Supplied data
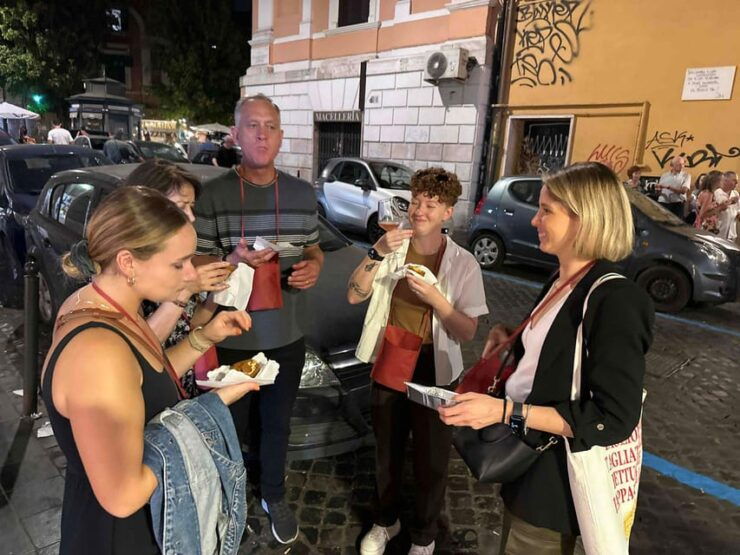 Food and Shop Tour in Roma - Booking Information
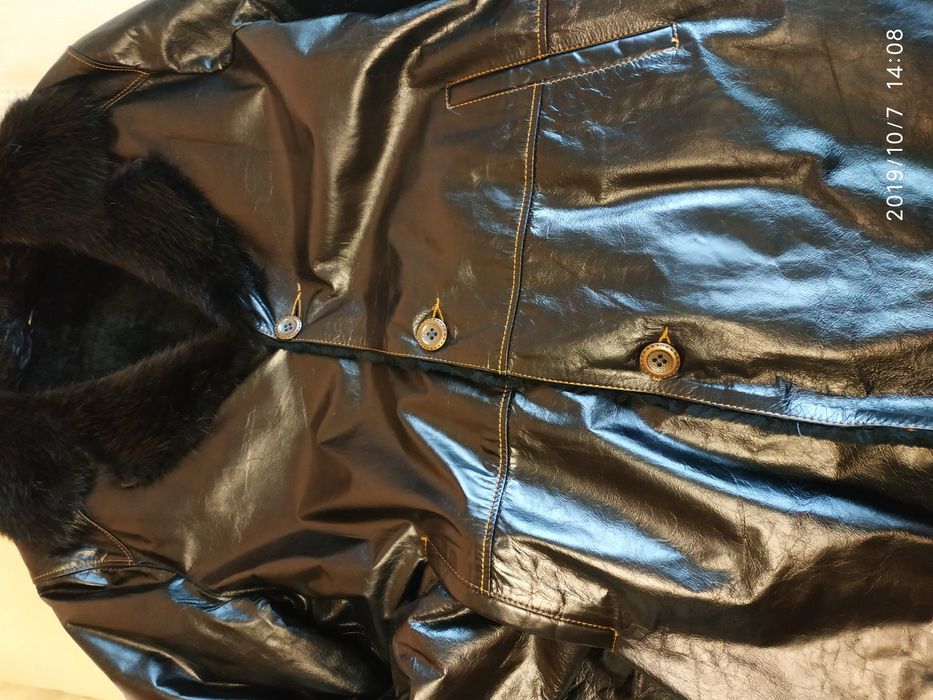 Продам куртку кожаную.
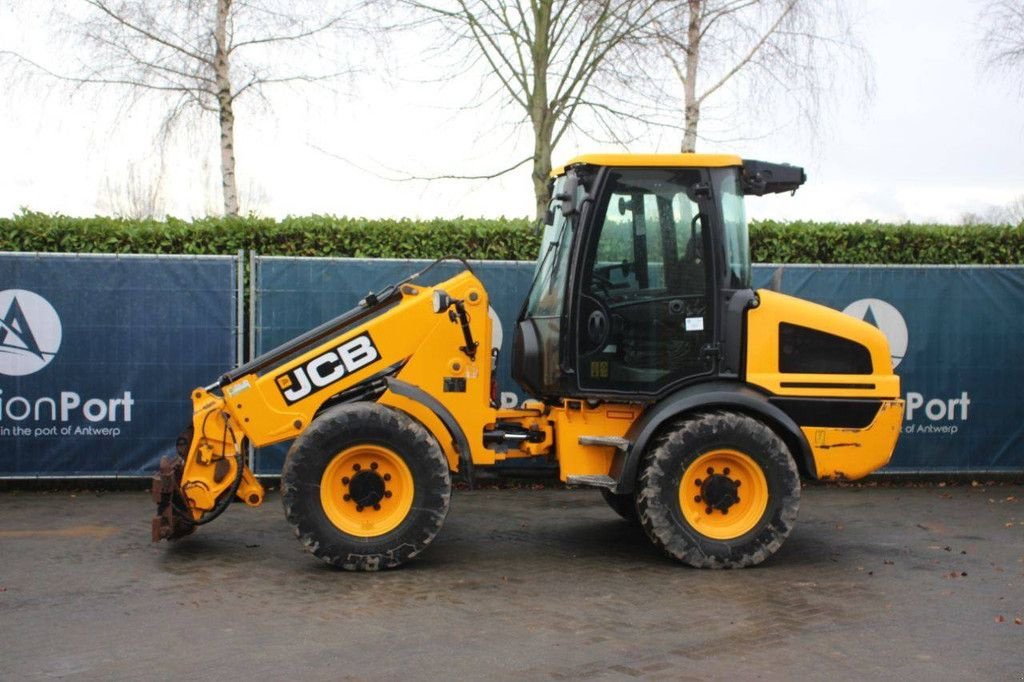 Radlader of the type JCB TM220, Gebrauchtmaschine in Antwerpen (Picture 2)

About this task
Drop the images; restate the listing exactly.

Exercise output
 Food and Shop Tour in Roma - Booking Information
 Продам куртку кожаную.
 Radlader of the type JCB TM220, Gebrauchtmaschine in Antwerpen (Picture 2)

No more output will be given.